# Exercise objective
Set down precisely the lines from the line with "Large Wooden Candle" through the end of the material, inclusive, and no pictures.

# Data for review
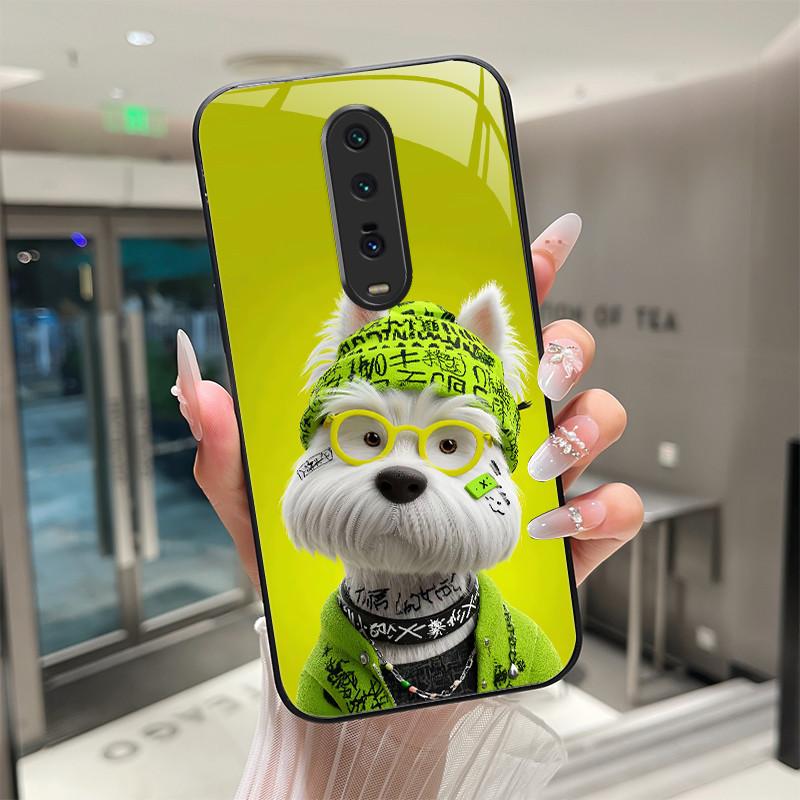 Cute Cartoon Cats Flower Case For Xiaomi Mi 9T Redmi K20 Pro Poco F2 Tempered Glass Phone Case Protective Back Cover Hard Shell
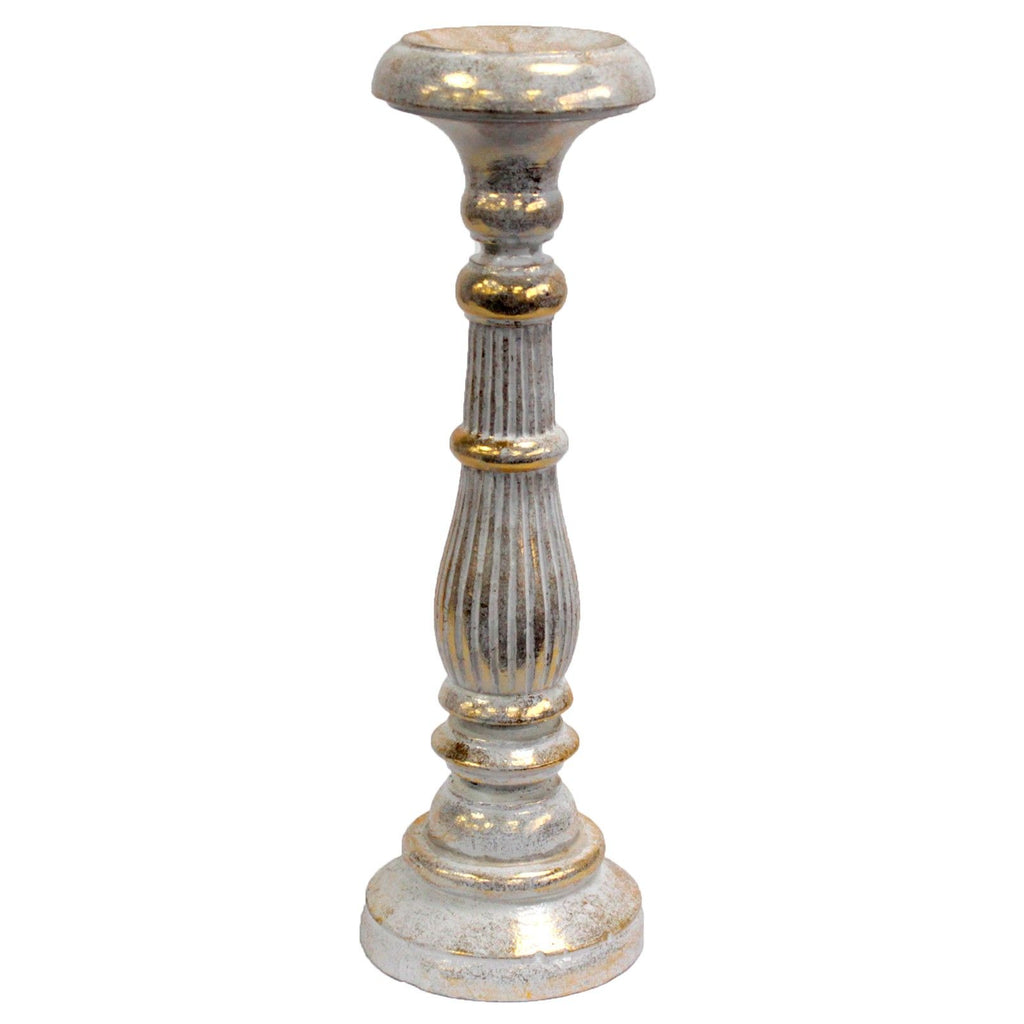 Large Wooden Candle Stand - White & Gold, 40cm – view 6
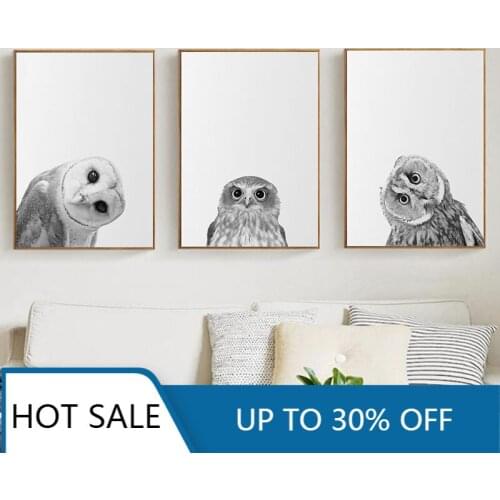 Crooked Owl Wall Art Canvas Painting Poster Black White Wall Decor Nordic Picture Modern Print Animal Bird for Living Room Decor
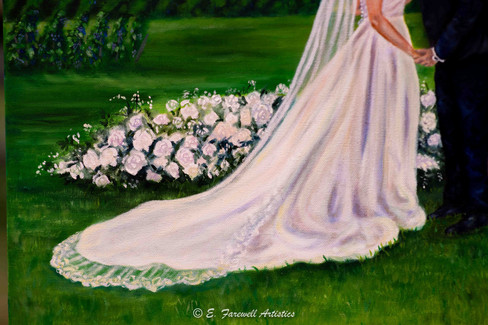 Live Wedding Painting at Stone Tower Winery in Leesburg, Virginia by Virginia Live Wedding Painting and Washington DC Live Wedding Painter Emily Farewell.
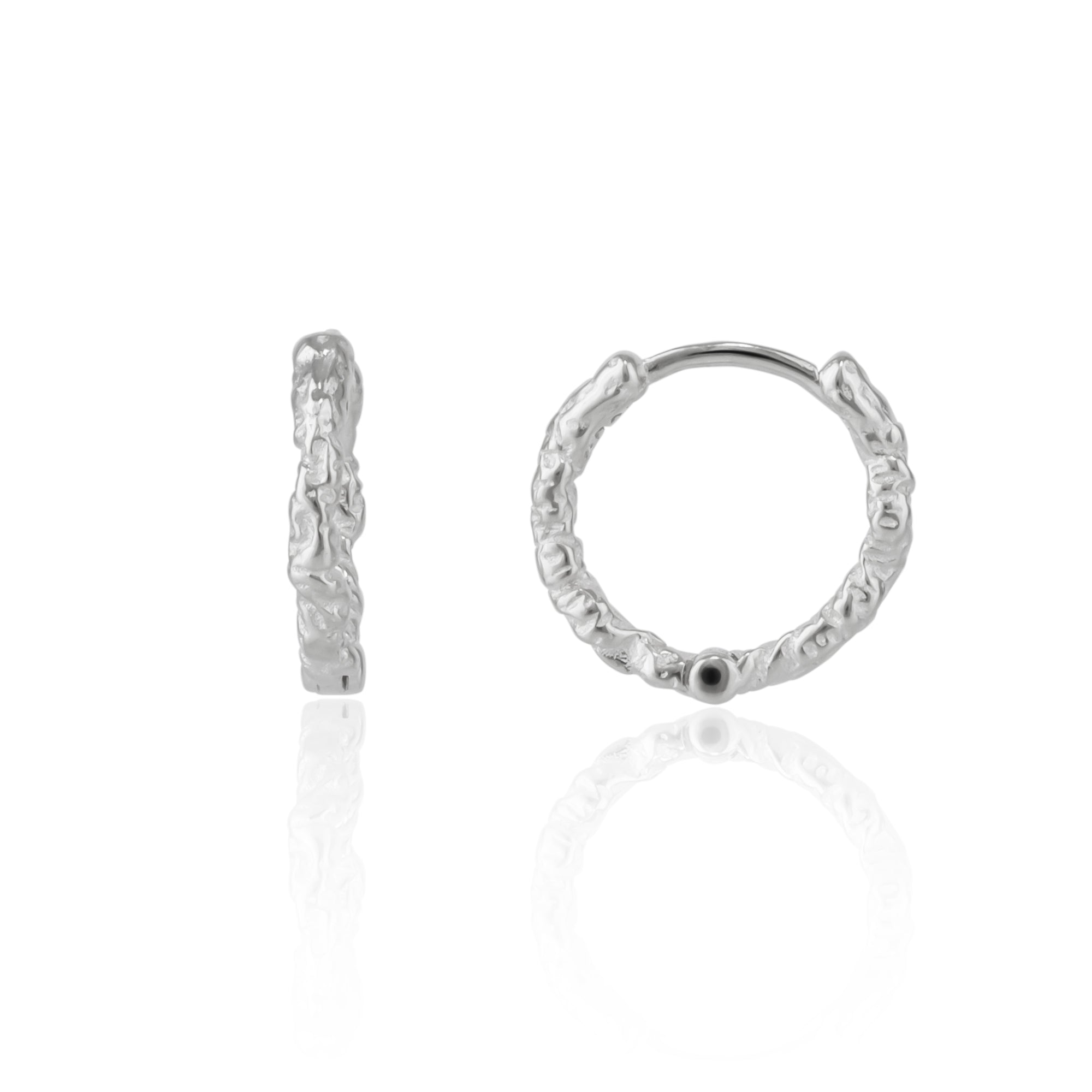 Molten Wavy Sterling Silver Textured Hoop Earrings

# Result for this task
 Large Wooden Candle Stand - White & Gold, 40cm – view 6
 Crooked Owl Wall Art Canvas Painting Poster Black White Wall Decor Nordic Picture Modern Print Animal Bird for Living Room Decor
 Live Wedding Painting at Stone Tower Winery in Leesburg, Virginia by Virginia Live Wedding Painting and Washington DC Live Wedding Painter Emily Farewell.
 Molten Wavy Sterling Silver Textured Hoop Earrings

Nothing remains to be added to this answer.